[banner]

Summary and Analysis of Extension Program Evaluation in R

Salvatore S. Mangiafico

What are Estimated Marginal Means?

 

Estimated marginal means are means for groups that are adjusted for means of other factors in the model.  These may also be referred to as least square means.  In practice, these values can be determined for a wide variety of models.

 

Imagine a case where you are measuring the height of 7th-grade students in two classrooms and want to see if there is a difference between the two classrooms.  You are also recording the gender of the students, and at this age girls tend to be taller than boys.  Say classroom A happens to have far more girls than boys.  If you were to look at the mean height in the classrooms, you might find that classroom A had a higher mean, but this may not be an effect of the different classrooms, but because of the difference in the counts of boys and girls in each.  In this case, reporting estimated marginal means for the classrooms may give a more representative result.  Reporting estimated marginal means for studies where there are not equal observations for each combination of treatments is sometimes recommended.  We say the design of these studies is unbalanced.

 

The following example details this hypothetical example.  Looking at the means from the Summarize function in FSA, we might think there is a meaningful difference between the classrooms, with a mean height of 153.5 cm vs. 155.0 cm.  But looking at the estimated marginal means (emmeans), which are adjusted for the difference in boys and girls in each classroom, this difference disappears.  Each classroom has an estimated marginal mean of 153.5 cm, indicating the mean of classroom B was inflated due to the higher proportion of girls.

 

Note that the following example uses a linear model with the lm function.  Here, Height is being treated as an interval/ratio variable. 

 

This kind of analysis makes certain assumptions about the distribution of the data, but for simplicity, this example will ignore the need to determine that the data meet these assumptions.

 

Packages used in this chapter

 

The packages used in this chapter include:

•  FSA

•  psych

•  emmeans

•  car

 

The following commands will install these packages if they are not already installed:


if(!require(FSA)){install.packages("FSA")}
if(!require(psych)){install.packages("psych")}
if(!require(emmeans)){install.packages("emmeans")}
if(!require(car)){install.packages("car")}


Estimated marginal means example

 

Data = read.table(header=TRUE, stringsAsFactors=TRUE, text="

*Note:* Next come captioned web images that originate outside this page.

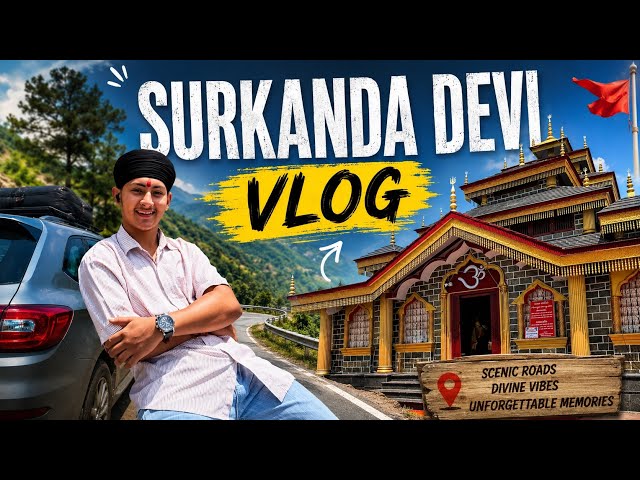 Surkanda Devi Trip ❤️🙏🏻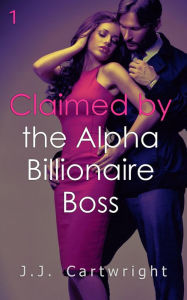 Title: Claimed by the Alpha Billionaire Boss 1, Author: J.J. Cartwright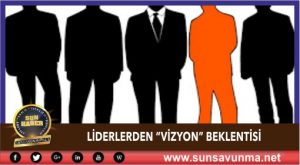 Liderlerden “vizyon” beklentisi!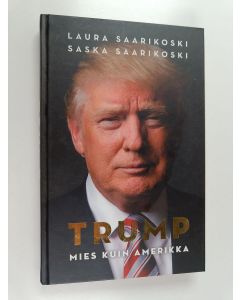 Kirjailijan Laura Saarikoski käytetty kirja Trump - Mies kuin Amerikka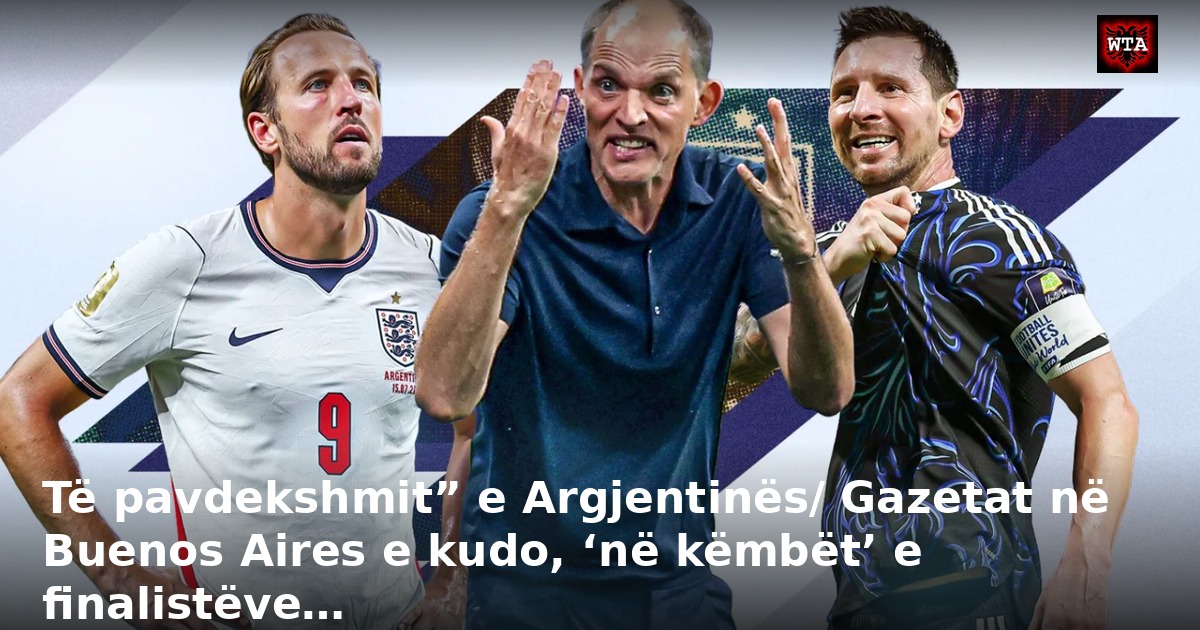 Të pavdekshmit” e Argjentinës/ Gazetat në Buenos Aires e kudo, ‘në këmbët’ e finalistëve…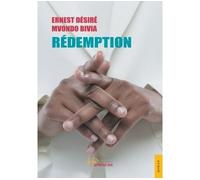 Rédemption - Ernest Désiré Mvondo Bivia - Jets D'encre - broché - Roman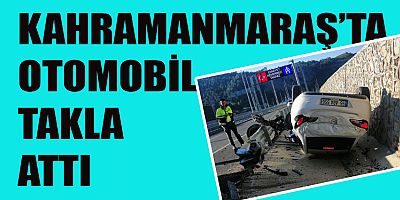 KAHRAMANMARAŞ’TA OTOMOBİL TAKLA ATTI: 3 YARALI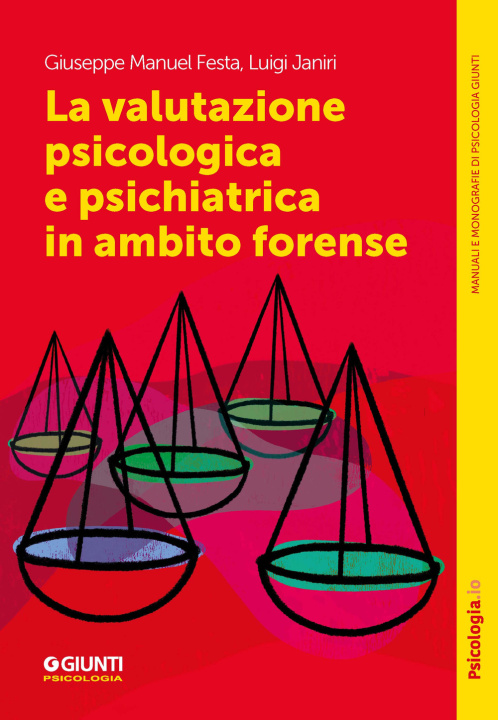 Книга valutazione psicologica e psichiatrica in ambito forense Giuseppe Manuel Festa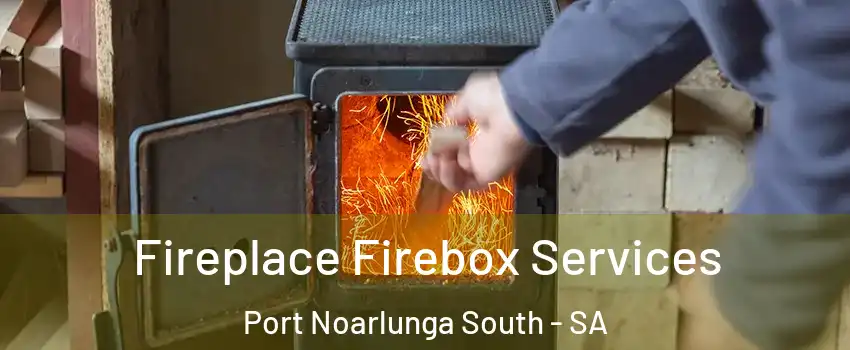  Fireplace Firebox Services Port Noarlunga South - SA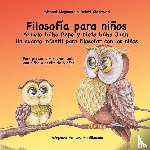 Siegmund, Michael, Siegmund, Arlett - Filosofia para ninos. Abuelo buho Pepe y nieto buho Juan. Un cuento infantil para filosofar con los ninos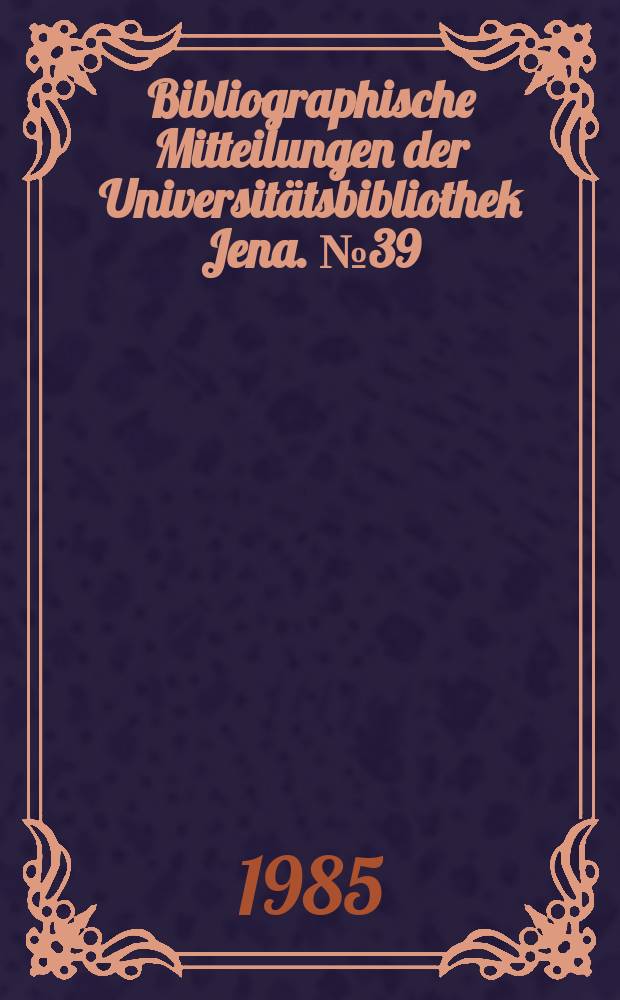 Bibliographische Mitteilungen der Universitätsbibliothek Jena. №39 : Greif zum Buch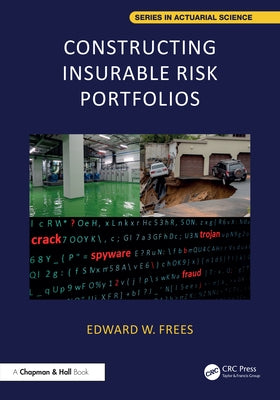 Constructing Insurable Risk Portfolios by Frees, Edward W.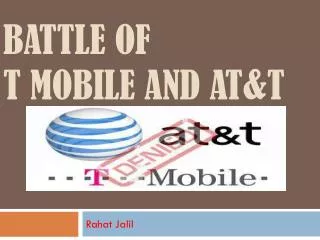 BATTLE OF T MOBILE AND AT&amp;T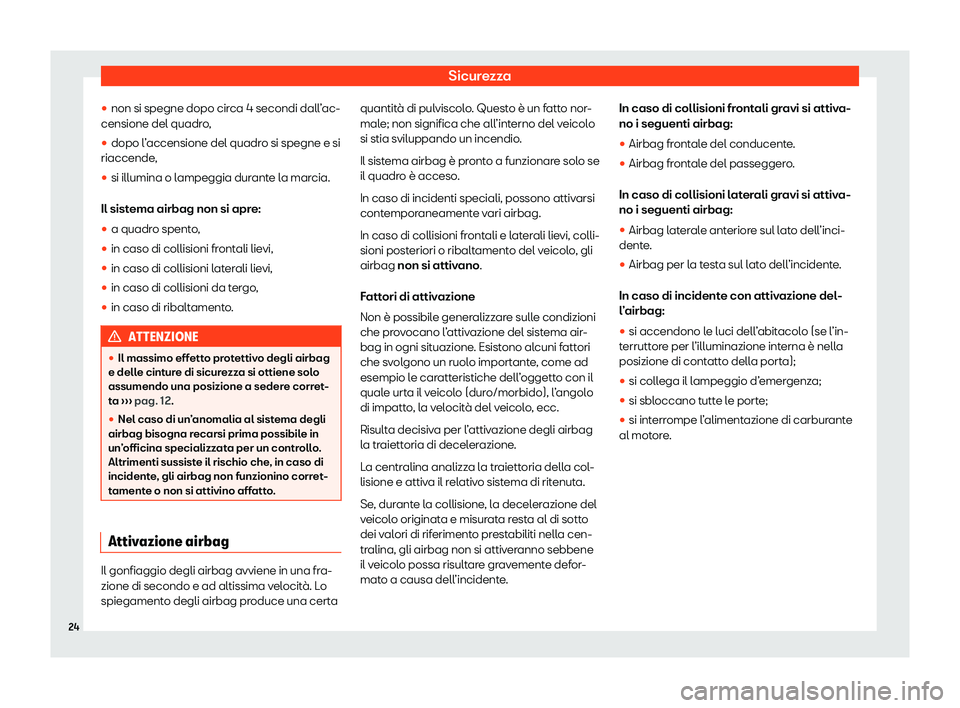 Seat Arona 2020  Manuale del proprietario (in Italian) Sicurezza
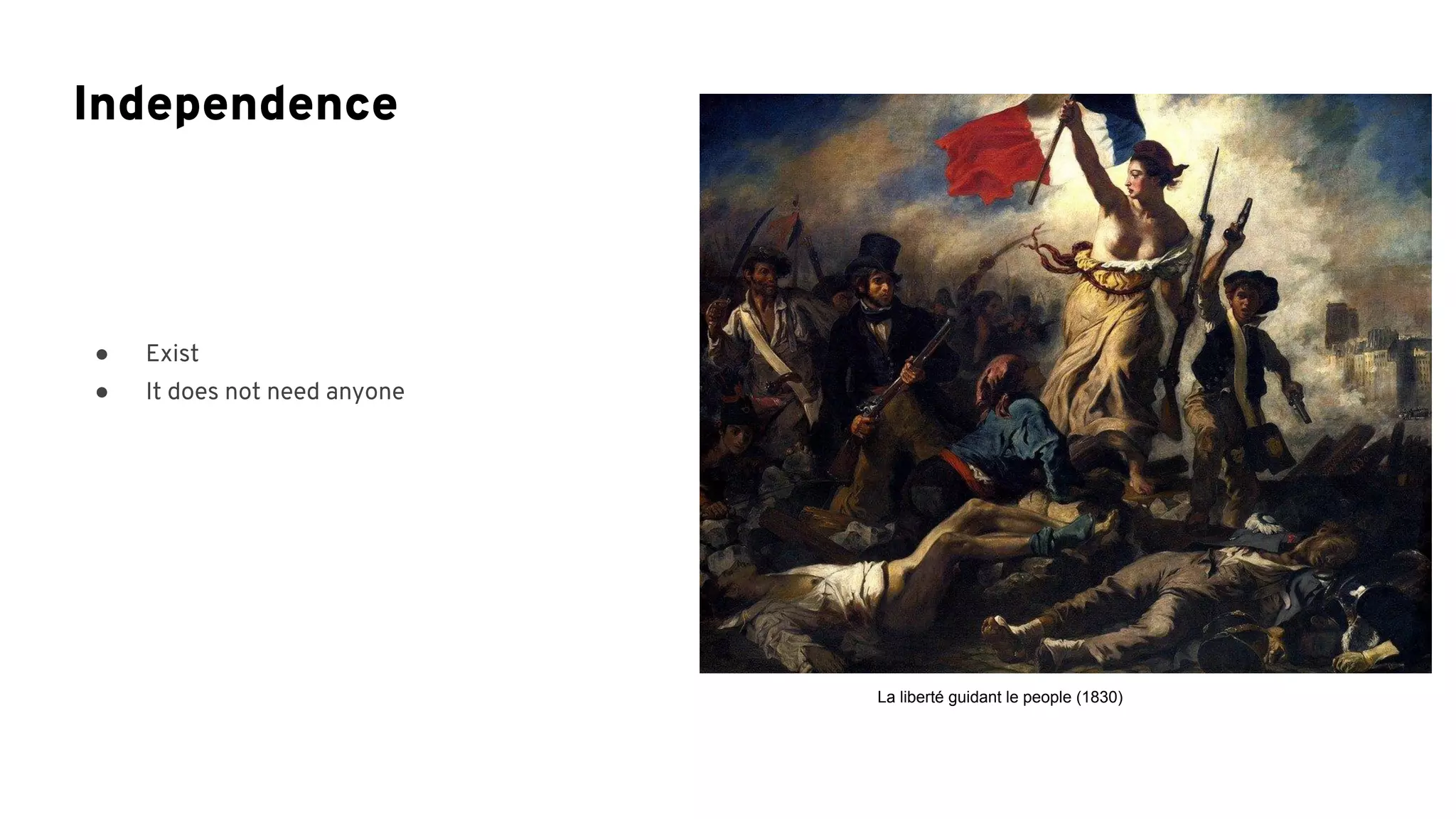 ● Exist
● It does not need anyone
Independence
La liberté guidant le people (1830)
 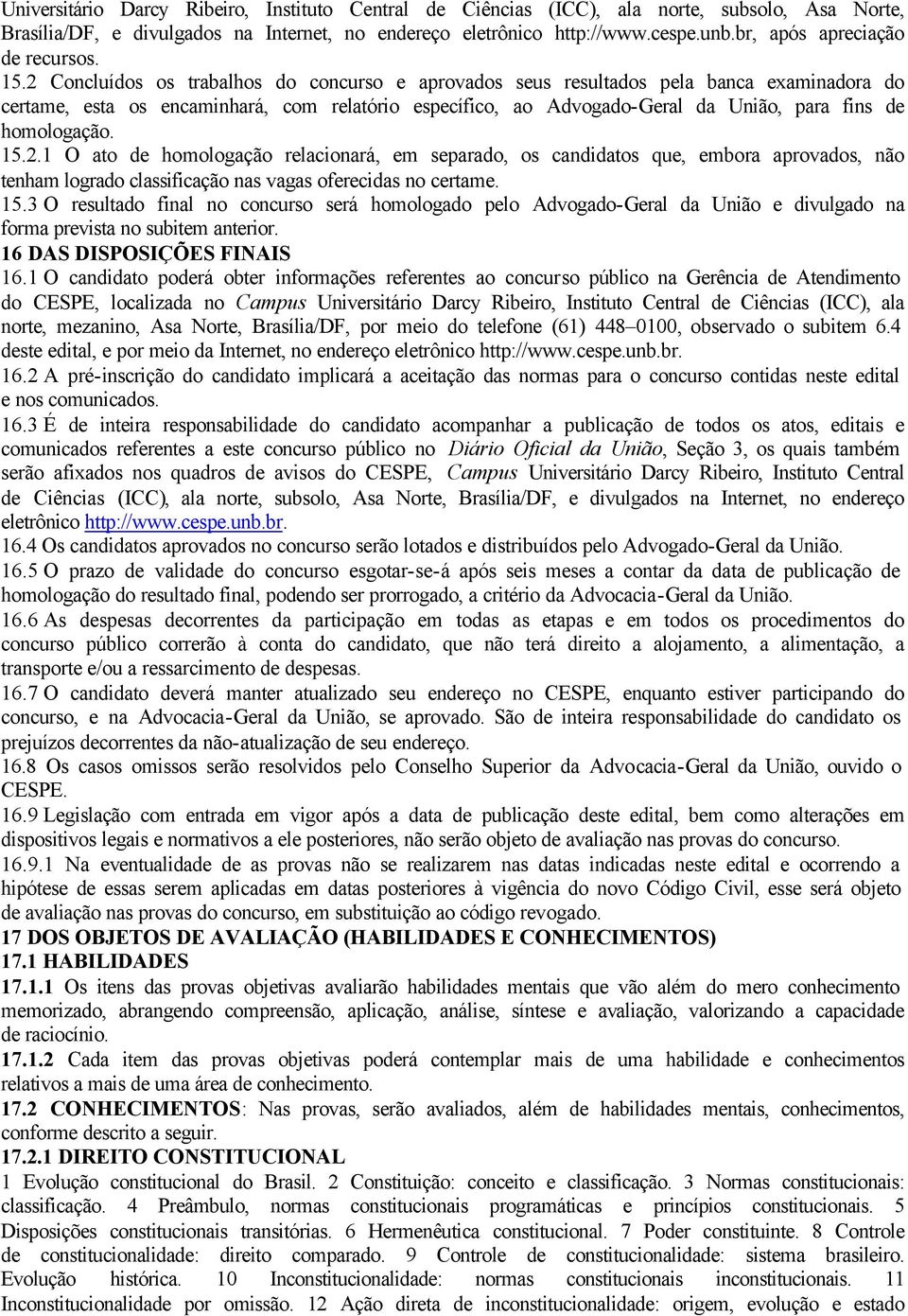 2 Concluídos os trabalhos do concurso e aprovados seus resultados pela banca examinadora do certame, esta os encaminhará, com relatório específico, ao Advogado-Geral da União, para fins de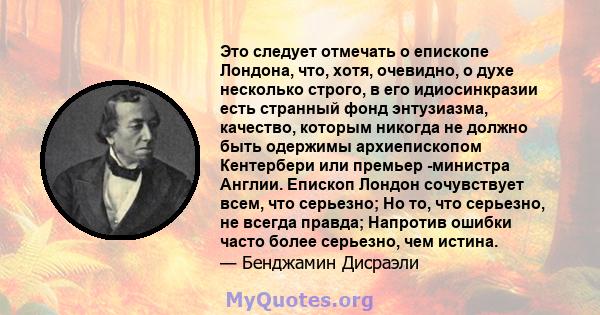 Это следует отмечать о епископе Лондона, что, хотя, очевидно, о духе несколько строго, в его идиосинкразии есть странный фонд энтузиазма, качество, которым никогда не должно быть одержимы архиепископом Кентербери или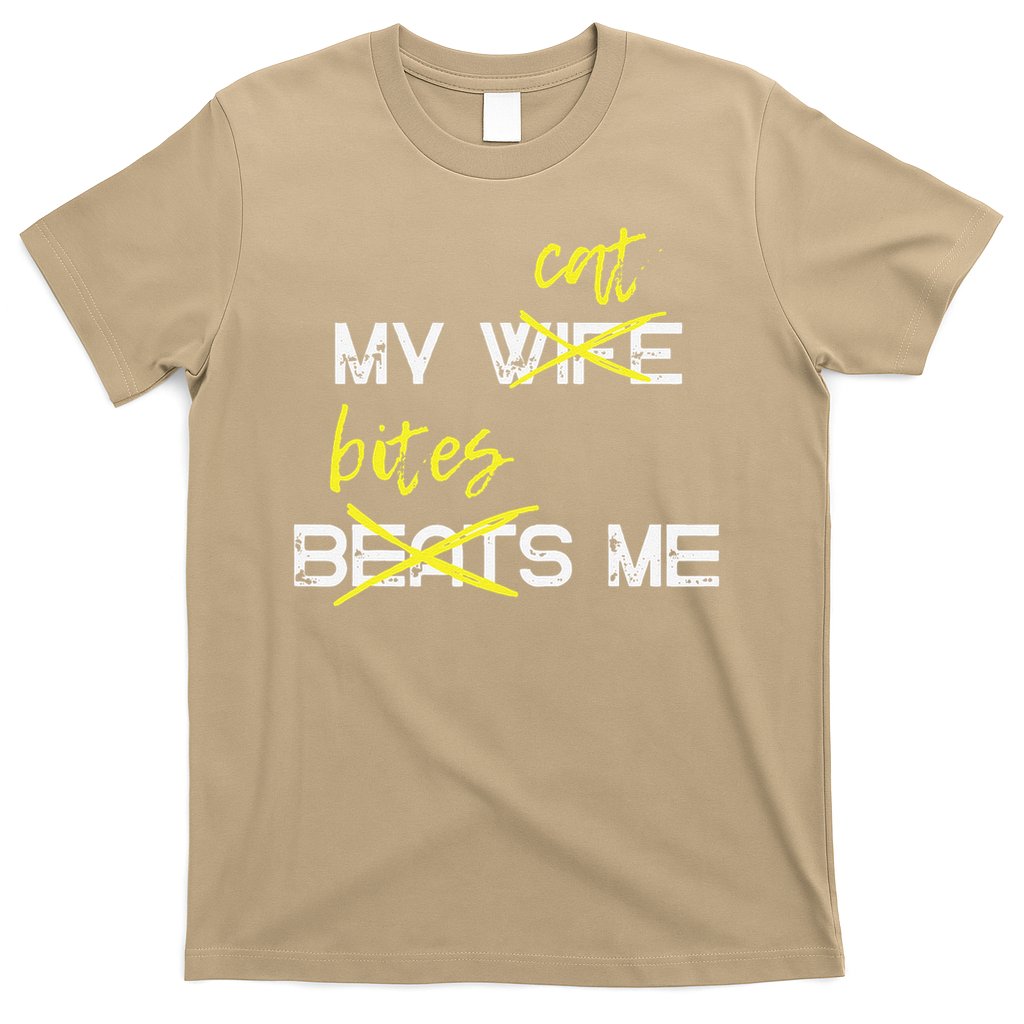 My Wife Beats Me My Cat Bites Me Funny Husband Cat Lover T-Shirt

 Classroom  Gender    Height
 A          Male    151
 A          Male    150
 A          Male    152
 A          Male    149
 A          Female  155
 A          Female  156
 A          Female  157
 A          Female  158
 B          Male    151
 B          Male    150
 B          Female  155
 B          Female  156
 B          Female  157
 B          Female  158
 B          Female  156
 B          Female  157
")


###  Check the data frame

library(psych)

headTail(Data)

str(Data)

summary(Data)



Arithmetic means


library(FSA)

Summarize(Height ~ Classroom,
          data=Data,
          digits=3)

 

  Classroom n nvalid  mean    sd min    Q1 median    Q3 max percZero
1         A 8      8 153.5 3.423 149 150.8  153.5 156.2 158        0
2         B 8      8 155.0 2.928 150 154.0  156.0 157.0 158        0


Estimated marginal means


model = lm(Height ~ Classroom + Gender + Classroom:Gender,
           data = Data)

library(emmeans)

emmeans(model,
        ~ Classroom)


Classroom emmean    SE df lower.CL upper.CL
 A            154 0.408 12      153      154
 B            154 0.471 12      152      155


In this particular case, the emmeans output truncates the significant digits, so we’ll just convert it to a data frame to see the values more precisely.


marginal = emmeans(model, ~ Classroom)

as.data.frame(marginal)


 Classroom emmean        SE df lower.CL upper.CL
 A          153.5 0.4082483 12 152.6105 154.3895
 B          153.5 0.4714045 12 152.4729 154.5271


Note that an analysis of variance also would have told us that there is a difference between levels of Gender, but not between levels of Classroom.


library(car)

Anova(model)


Anova Table (Type II tests)

              Sum Sq Df F value    Pr(>F)   
Classroom          0  1     0.0         1   
Gender           126  1    94.5 4.857e-07 ***
Classroom:Gender   0  1     0.0         1   
Residuals         16 12